In usual 6″ move style it’s taken us a good while to get together, more people were invited but apparently the virgin’s blood may have been contaminated as not everyone was able to make it on the day.
What did we get up to then? Well, I’ll tell you.
Firstly we got around to playing a game of Star Trek Attack Wing. It occurs to me at this point that it might be nice to show some photos, especially as we’re now playing over a lovely GF9 space mat that I purchased a day earlier. I have the asteroid one if you care, it is very nice. Gribblin brought his fully upgraded Borg Tactical Cube while I took a species 8472 fleet composed of two Bioships with a far more frugal load out. I really enjoy the customisability of Attack Wing, it builds on what was started with the upgrades available in X-wing, but with the extra crew and pilot talents, as well as being able to mix and match from across the range, there’s a lot of potential there. Yes, I know it can be frowned upon to take things out of faction but I like to think of them as in faction versions of stuff that there aren’t options for currently. You also pay extra for it of course.
It was a very good game, I kept my ships in formation and unleashed the very best that Fluidic space could muster. The first few turns put some serious hurt on the Borg as the Bioship Alpha’s ability ensured there were auxiliary power tokens on the Cube and an early crit scuppered its actions as well, thus reducing its ability to regenerate. It tried to make a run for it but the agile Bioships doggedly pursued their quarry. In the end I lost a Bioship to the Tractor Beam/Cutting Beam wombo combo but that left the Alpha with a target lock on the Cube which it used to good effect by unleashing a blast of energy so vast there was no chance of regeneration.

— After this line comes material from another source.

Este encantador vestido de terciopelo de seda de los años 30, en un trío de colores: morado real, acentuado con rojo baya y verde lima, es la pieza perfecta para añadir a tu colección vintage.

It was a tough game and losing the one Bioship delayed that killing blow as it was poised and ready to unleash something itself.
Following some lunch and a brief respite we cleared away the Trek and setup a game of Dropzone Commander. Gribblin once again fielded his alien warmongering Shaltari against the righteous forces of my meat shield UCM.

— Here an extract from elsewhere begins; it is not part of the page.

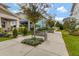 Inviting neighborhood street view with benches, landscaping, and colorful homes at 13241 Cormack Ln, Orlando, FL 32827
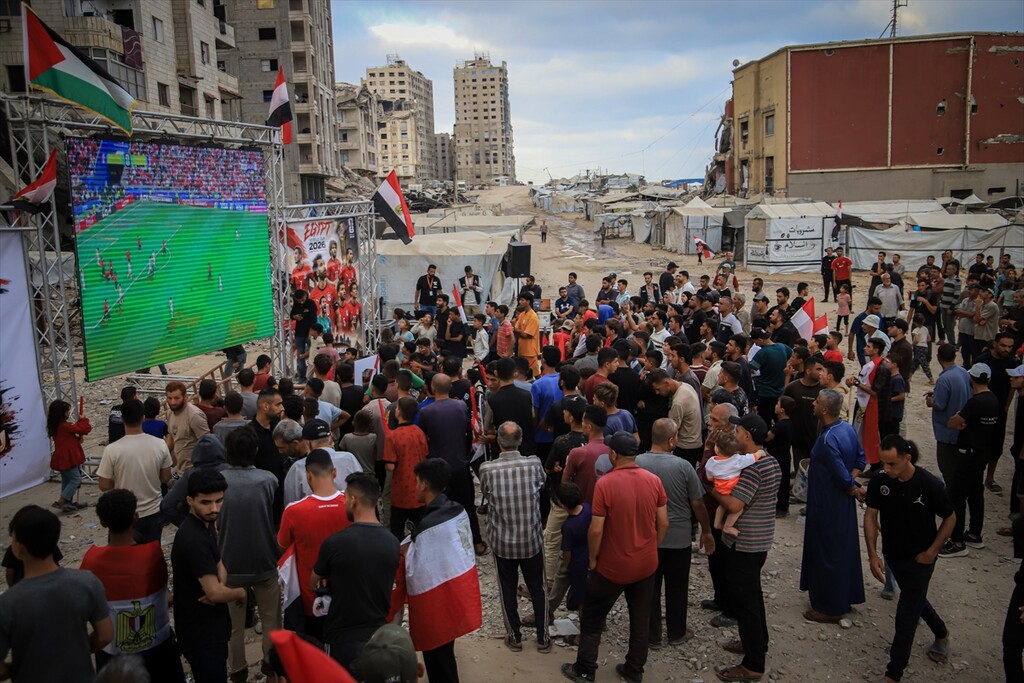 Palestinians holding flags gather to watch the 2026 FIFA World Cup First Stage Group G match between Egypt and Iran on a giant screen set up among the rubble of destroyed buildings despite Israel's ongoing attacks in Gaza City, Gaza, Palestine.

It was a game that I felt up against it a lot of the time. I refused one flank and left it to the fast-moving Shaltari, knowing that if I took the fight to them I’d be in a poor position as I could be outmanoeuvred. I took the centre building with two Bear squads, sadly, in a moment of poor planning I lost the Condor supporting them, even the 2″ bonus movement for moving on roads was not going to help. Luckily though I used my air cav infantry battalion to swap the objective over and flee the board with my “home” objective I’d won earlier. So, on turn 6 we both had 2 objectives off the table, however, Gribblin had is grubby downloaded consciousness on the final objective and was trying to evac by land with a Terragate. Luckily for me not only had I plinked a damage point off it earlier, but my Wolverine scouts had a clear line of sight to it and so it was, at pretty much the last roll of the dice I used the Kodiak’s orbital strike to target the gate. I rolled a hit and then watched with bated breath as the dice that would ultimately decide the fate of the game span across the table.
When the die came to rest it showed that a gaping crater in the earth was all that was left of the plucky transport. Having no infantry actually inside it meant that the Shaltari could only watch with horror as they lost the objective. The UCM won on kill points as I’d managed to take out several of Gribblin’s units and all of mine were still healthy enough to not count for anything. Needless to say it was a very close game and was a rather nail-biting finish. Just the kind of game that we enjoy.